**Assignment**.
Set down each line of the data below exactly as it stands, dropping the pictures.

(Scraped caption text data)
-- Opening Marker --

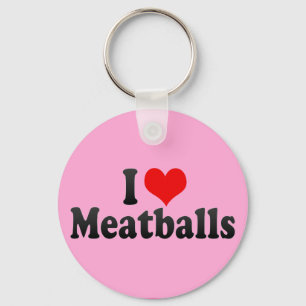 Porte-clés J'aime des boulettes de viande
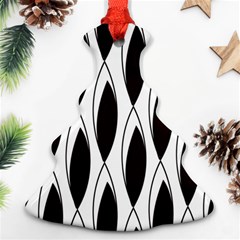 Black Minimalist Leaves Ornament (christmas Tree) 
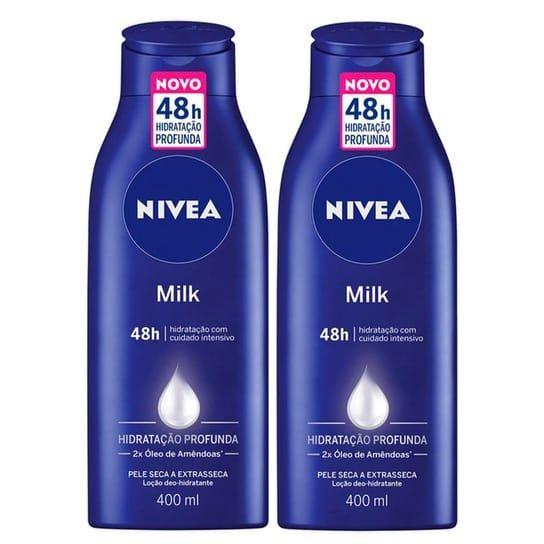 Imagem de Kit com 2 Unidades Creme Nivea Hidratante 400ml - Milk/Soft Milk
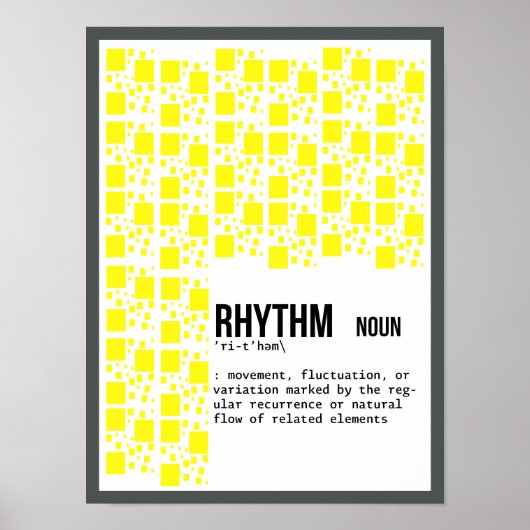リズムポスター ポスター (正面)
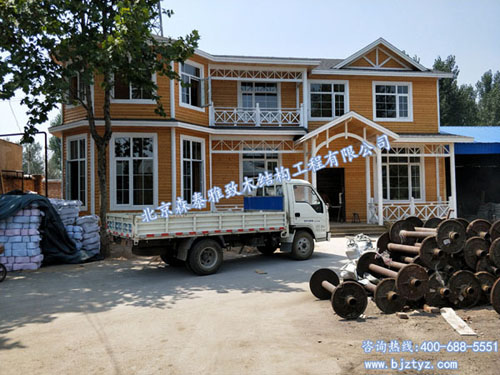 木別墅設計圖片/木別墅設計樣板圖 (2)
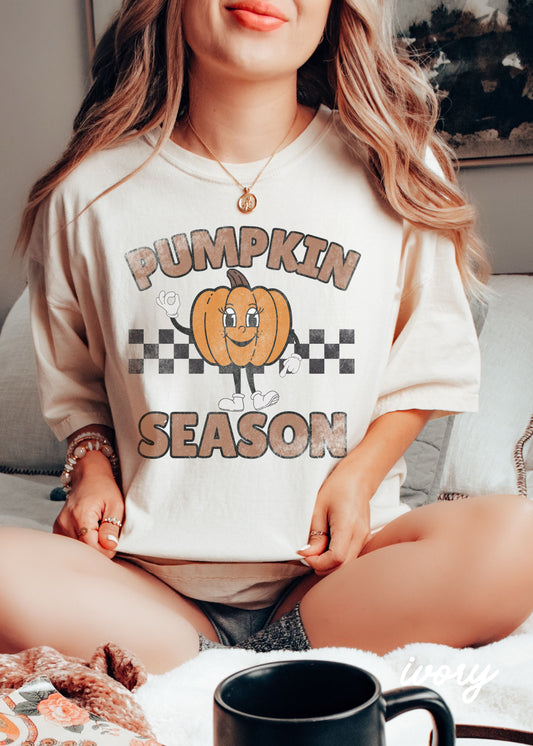 PRE-ORDER: PUMPKIN SEASON Tee *Ivory (S-3X)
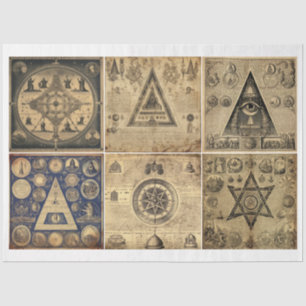 Kunstenaars en ambachtslieden Mystic Occult Witchy Tissuepapier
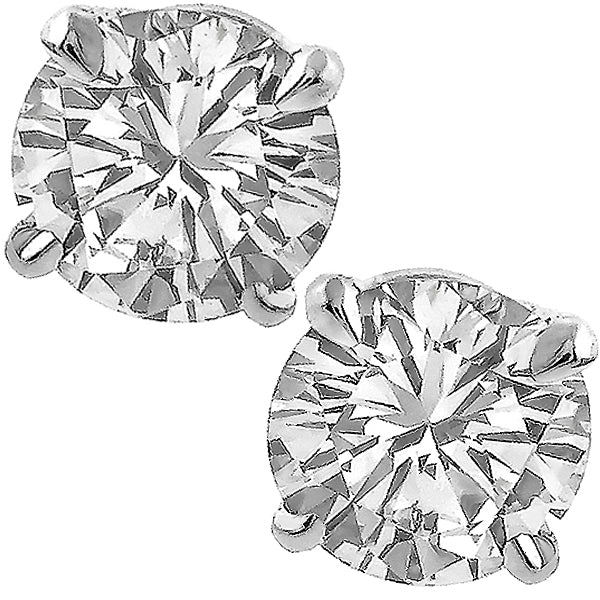 Estate 1.45cttw Diamond Stud Earrings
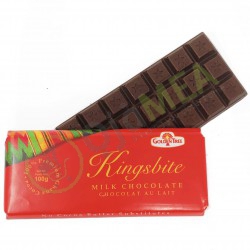 Kingsbite Milk Chocolate 100 g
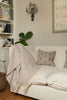 Klippan Preppy Beige melange woven throw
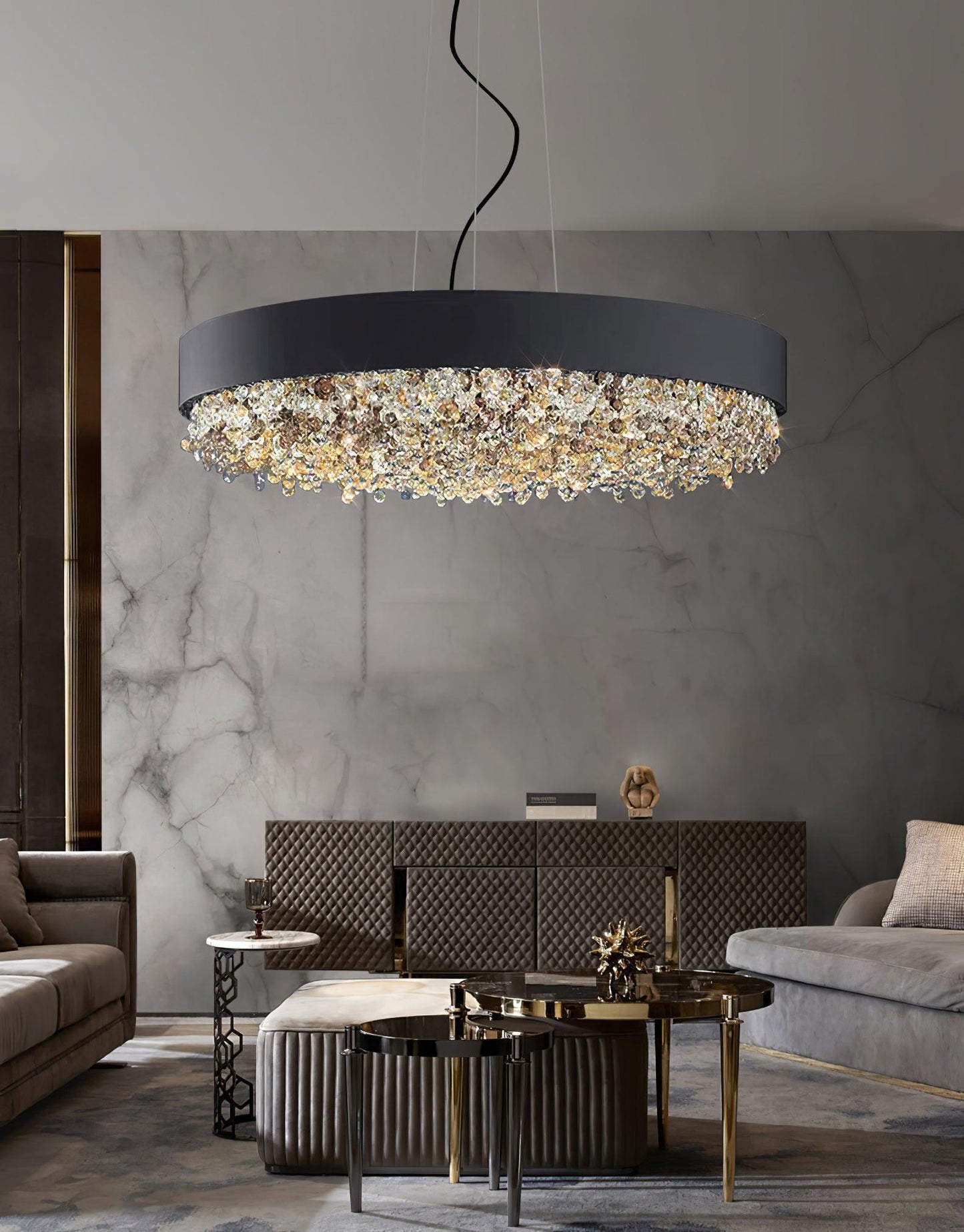 Marilyn Modern Crystal Drop light Pendant Light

-- Closing Marker --

**Exercise response**.
 Porte-clés J'aime des boulettes de viande
 Black Minimalist Leaves Ornament (christmas Tree) 
 Imagem de Kit com 2 Unidades Creme Nivea Hidratante 400ml - Milk/Soft Milk
リズムポスター ポスター (正面)
 木別墅設計圖片/木別墅設計樣板圖 (2)
 PRE-ORDER: PUMPKIN SEASON Tee *Ivory (S-3X)
 Kunstenaars en ambachtslieden Mystic Occult Witchy Tissuepapier
 Estate 1.45cttw Diamond Stud Earrings
 Kingsbite Milk Chocolate 100 g
 Klippan Preppy Beige melange woven throw
 Marilyn Modern Crystal Drop light Pendant Light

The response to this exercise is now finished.